Workflow level (src/workflows/schema.ts:201–236):

{
  kind: string;          // "agent" by default; "build" / "triage" / etc. for categorisation
  name: string;          // unique workflow name; lookup key
  description?: string;
  trigger?: string;      // informational
  variables?: Record<string, string>;
  classification?: {     // how the intent classifier routes to this workflow (issue #164)
    intent: string;      //   the intent token this workflow owns (unique; not a control intent)
    description: string; //   the category paragraph merged into the composed classifier prompt
    examples?: string[]; //   optional one-line classifier examples
  };
  phases: PhaseDefinition[];
}

The optional classification block makes a workflow self-describing to the router: its description/examples are composed into the classifier prompt (workflows/prompts/classifier.md), and its intent becomes routable via the router’s getWorkflowByIntent fallback — so adding a workflow (even in an overlay) can add a new intent with no core change. See 05-router.md → Build-intent classifier.
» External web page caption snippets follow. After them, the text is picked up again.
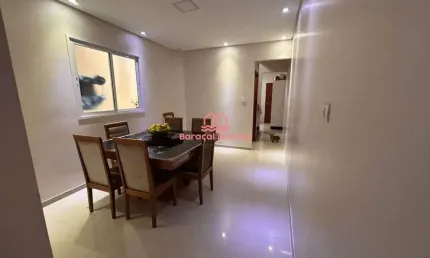Casa em Praia Grande para Vender 3 quartos,sendo1Suite banheiro ,varanda gourmet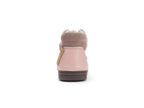 D.D.Step pantofi fete cu scai 25-30 Baby Pink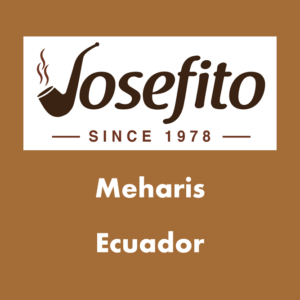 סיגרלות מהריס אקוודור | Agio Meharis Ecuador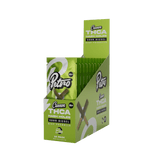 Petro 2g x2pack Thca Hash Holes w/ Keif - 10ct Display - Sour Diesel
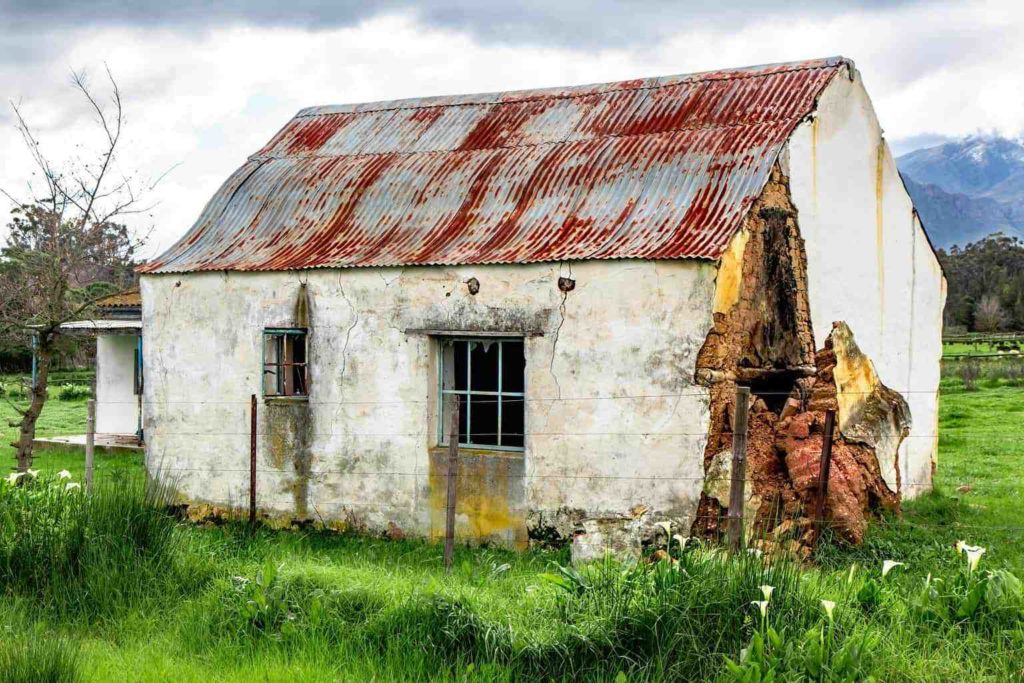Why Flip Houses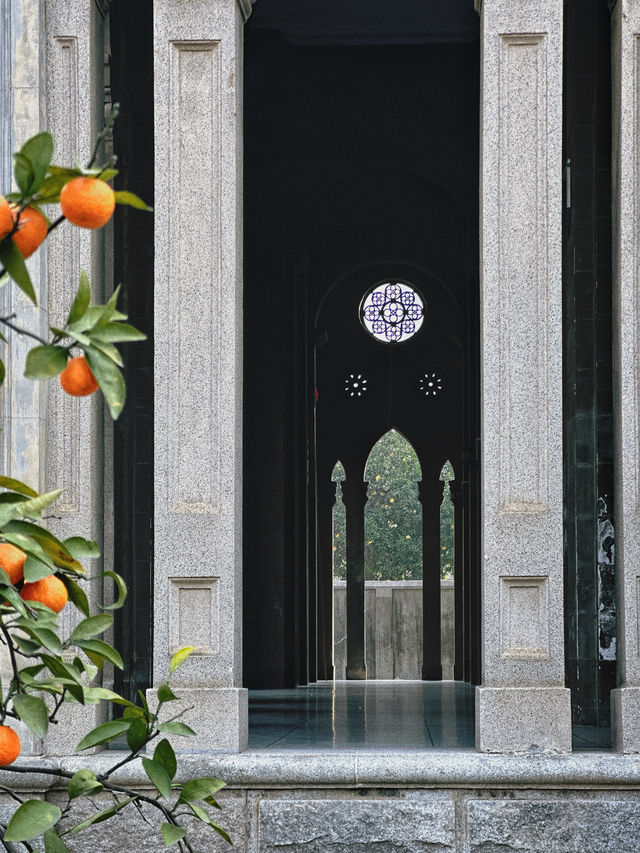 武漢·古德寺 武漢·古德寺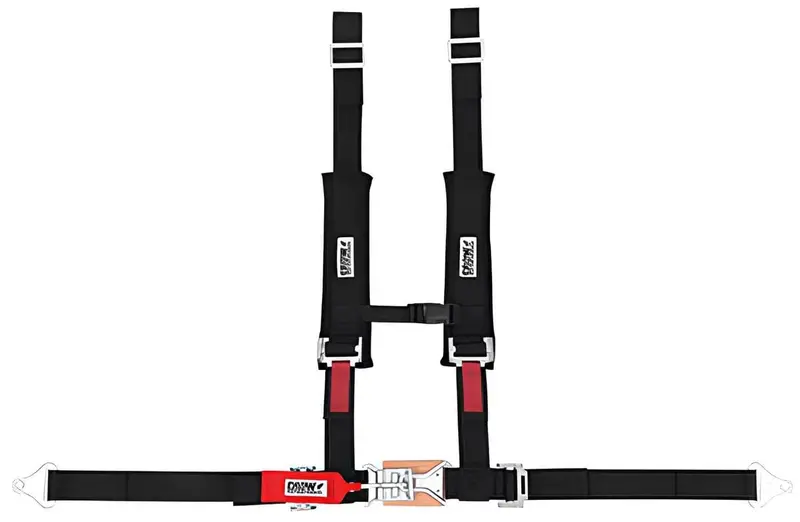 Triple X Seats Crow Model 30164 Harness 1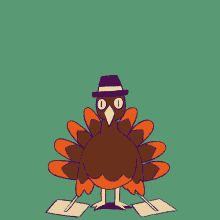 Thanksgiving Thanksgiving Break GIF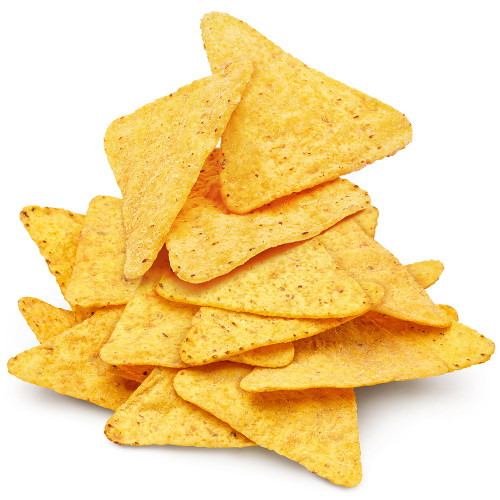 La Mexicana Tortilla Chips 12 x 500g Case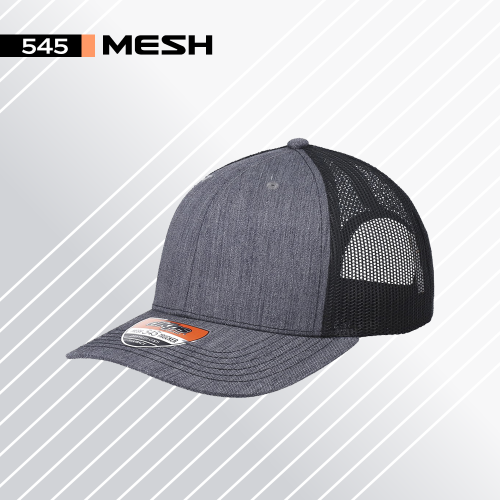 545 GORRA MESH DKPS 545 GORRA MESH DKPS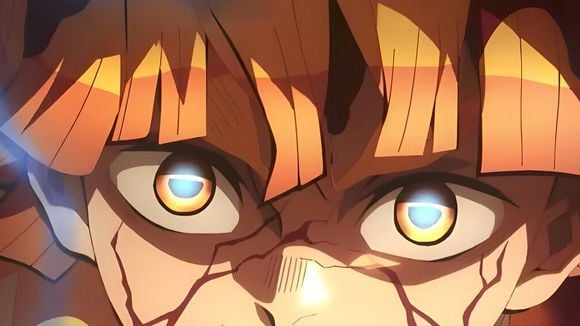 Demon Slayer va faire trembler tous les services de streaming : si vous vouliez regarder La Forteresse Infinie en ligne, j'ai une mauvaise nouvelle pour vous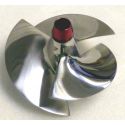 Impellers & Shafts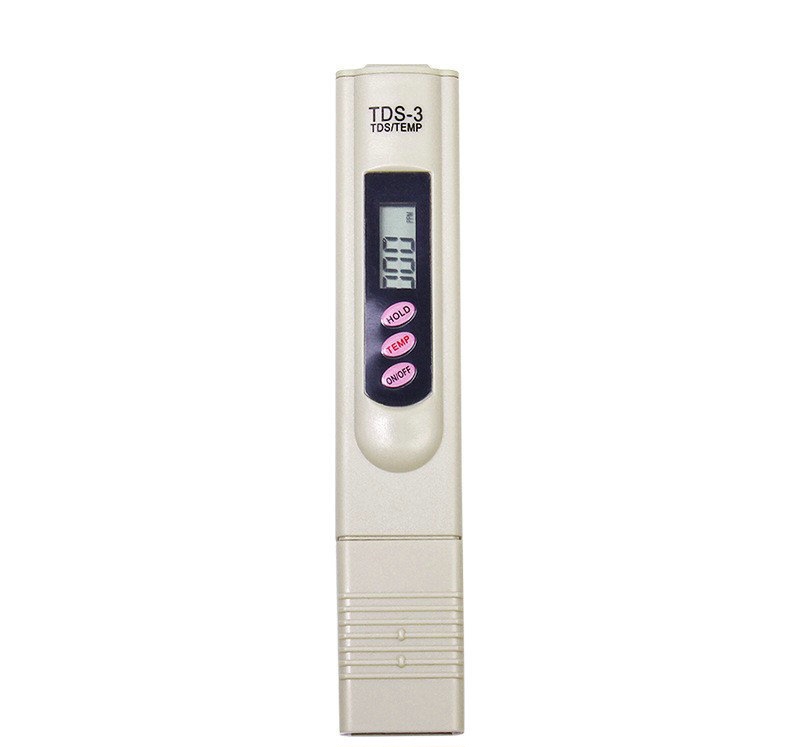Bút đo TDS-3 dùng kiểm tra chất lượng nước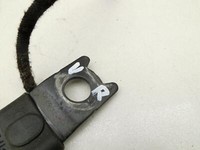 Toyota Aygo II KGB4 14-18 3T Gurtschloss Rechts Vorne Toyota Aygo II KGB4 14-18 14.12.2015 gebraucht Vorschau 5
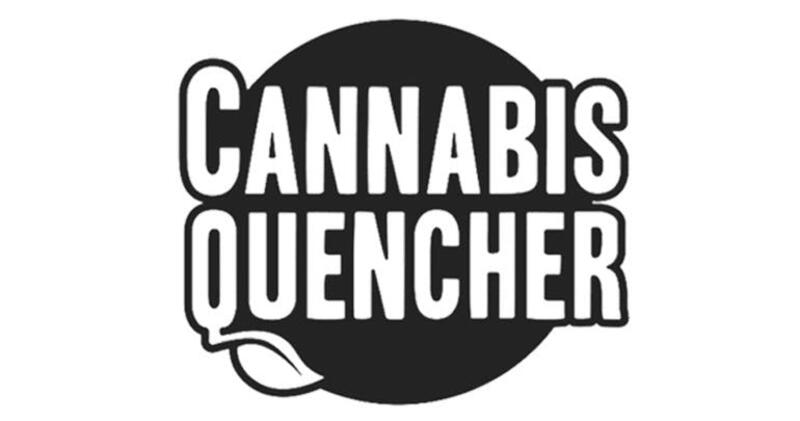 Cannabis Quencher | Sour Apple Lozenges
Phase level (schema.ts:84–182):

{
  name: string;                         // unique within workflow
  label?: string;                       // dashboard display
  type?: "context" | "agent" | "bash" | "script";  // default "agent"
  prompt?: string;                      // path to template, e.g. "prompts/architect.md"
  command?: string;                     // type: bash — deterministic shell command (templated)
  script?: string;                      // type: script — inline source (templated)
  runtime?: "js" | "ts" | "python";     // type: script — js/ts → node, python → uv run (default "js")
  timeout_seconds?: number;             // type: bash/script — per-step timeout (default 300)
  skill?: string;                       // single skill name; sugar for `skills: [<name>]`
  skills?: string[];                    // per-phase bundle: <workspaceRoot>/.lastlight-skills/<phase>/<name>/
                                        // may coexist with `prompt`; mutually exclusive with `skill`
  model?: string;                       // can be "{{models.architect}}"
  variant?: string;                     // reasoning effort; can be "{{variants.fix}}"
  approval_gate?: string;               // pause gate name
  approval_artifact?: string;           // handoff doc this gate approves (e.g. architect-plan.md)
  approval_gate_message?: string;       // template rendered when pausing ({{approvalUrl}} deep-links the focused view)
  depends_on?: string[];                // triggers DAG mode if any phase has it
  trigger_rule?:
    | "all_success" | "one_success"     // DAG firing conditions
    | "none_failed_min_one_success"
    | "all_done";
  output_var?: string;                  // alias for {{this.field}} in later phases
  unrestricted_egress?: boolean;        // bypass strict allowlist for this phase
  web_search?: boolean;                 // enable agentic-pi web tools
  requires_sandbox?: "docker" | "gondolin" | "none";  // skip phase (non-failing) if active backend differs
  sandbox_image?: "default" | "qa";     // docker only: "qa" runs on lastlight-sandbox-qa (Playwright+Chromium+ffmpeg); skips if unbuilt
  loop?: PhaseLoop;                     // reviewer-fix loop
  generic_loop?: GenericLoop;           // until-condition loop
  on_output?: OutputRule[];             // contains_BLOCKED → fail; requires_marker → fail if final output lacks this marker (postcondition against silent no-op "successes")
  on_success?: { set_phase: string };   // terminal marker
  messages?: PhaseMessages;             // per-event reply templates
}

Defined with Zod; loaded and cached by loader.ts.

Phase types

Four: context (no execution), agent (one LLM session), and the deterministic bash / script pair (a command, no LLM).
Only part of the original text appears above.